When your getting stomped by a "traitor" there isn't much else you can do but try to plug the holes. I'm glad you were able to stop AP... It made Brett look that much better. I will say that Rogers is going to be a tuff QB for anyone to stop as they build around him. He is a class act, no argument.


----------



## drjongy (Oct 13, 2003)

drjongy said:


> Can't wait! Making a turkey with all the trimmings tonight.
> 
> Favre kicks butt and Rogers looks like.......well, Rogers.
> 
> Vikes 34 Pack 20


I hate to quote myself...........

Wow, what a Vikes win that was! The dome didn't have near as many packer fans as normal for that game, the whole place was pretty much purple.

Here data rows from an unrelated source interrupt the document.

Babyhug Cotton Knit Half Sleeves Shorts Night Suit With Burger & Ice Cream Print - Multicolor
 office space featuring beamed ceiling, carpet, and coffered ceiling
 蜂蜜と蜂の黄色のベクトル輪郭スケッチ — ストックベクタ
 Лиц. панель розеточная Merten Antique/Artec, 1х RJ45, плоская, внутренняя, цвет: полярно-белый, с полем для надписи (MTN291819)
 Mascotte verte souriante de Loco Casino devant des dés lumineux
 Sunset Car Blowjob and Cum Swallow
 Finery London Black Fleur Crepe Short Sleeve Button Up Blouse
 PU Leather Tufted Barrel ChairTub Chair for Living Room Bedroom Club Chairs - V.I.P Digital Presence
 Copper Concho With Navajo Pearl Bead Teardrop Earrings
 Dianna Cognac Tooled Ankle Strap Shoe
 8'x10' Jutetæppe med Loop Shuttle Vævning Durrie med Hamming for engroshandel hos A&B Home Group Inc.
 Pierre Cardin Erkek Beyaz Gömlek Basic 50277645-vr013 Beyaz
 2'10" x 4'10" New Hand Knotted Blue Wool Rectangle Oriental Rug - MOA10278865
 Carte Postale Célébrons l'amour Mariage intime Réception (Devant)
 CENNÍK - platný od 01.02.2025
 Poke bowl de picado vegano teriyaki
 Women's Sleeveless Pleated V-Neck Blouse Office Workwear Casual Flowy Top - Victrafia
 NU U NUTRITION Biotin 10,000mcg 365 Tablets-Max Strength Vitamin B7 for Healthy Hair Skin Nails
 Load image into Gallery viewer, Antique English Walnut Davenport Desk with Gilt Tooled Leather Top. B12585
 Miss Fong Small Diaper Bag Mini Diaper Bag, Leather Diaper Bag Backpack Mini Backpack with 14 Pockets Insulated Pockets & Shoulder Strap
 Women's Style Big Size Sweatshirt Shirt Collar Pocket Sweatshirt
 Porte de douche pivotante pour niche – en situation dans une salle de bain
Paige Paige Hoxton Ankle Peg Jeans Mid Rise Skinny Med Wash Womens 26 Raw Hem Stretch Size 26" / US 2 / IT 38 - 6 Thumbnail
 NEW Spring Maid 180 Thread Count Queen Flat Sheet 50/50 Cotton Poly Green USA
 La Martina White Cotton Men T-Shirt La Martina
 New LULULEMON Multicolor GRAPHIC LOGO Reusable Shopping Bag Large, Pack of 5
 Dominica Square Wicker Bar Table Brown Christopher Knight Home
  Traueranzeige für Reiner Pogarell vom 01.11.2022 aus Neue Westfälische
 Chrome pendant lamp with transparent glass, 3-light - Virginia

Actually Rogers didn't play that bad.

What a game it's going to be when they're in Green Bay!


----------



## Hardsell (Jan 29, 2007)

That was a great game. Both teams fought to the end and that's all you can ask for. It was surprising to see that McCarthy didn't add assistance to the LTs with a FB or TE. He just left them out there alone for the most part. 
The Pack's new 3-4 Defense didn't get any real pressure on Favre, which was pretty surprising. I think any quarterback could make throws with the amount of time that Favre had. 
AP really didn't get going, but it was finally nice to see a quarterback be able to take advantage of defenses stacking the line to stop him.
What happened to Donald Driver in the end zone?! That was a sure touch down! I was just upset to see him so open. He catches that ball and it's a different ball game. 
I will admit, Aaron Rodgers is a stud. 9 sacks and some hurries and he still gets 384 yards and was only down by a touch down. He looks like a real competitor. It just makes it that much better for the showdown in Lambeau.. I don't know if he'll want to see any more of Jared Allen though...


----------



## 870 XPRS (Mar 12, 2003)

MOB said:


> Rogers kicks butt and Favre looks like.......well, Favre in the metrodome.
> 
> Vikes 17 Pack 31
> 
> ...


I always love that one!!!


----------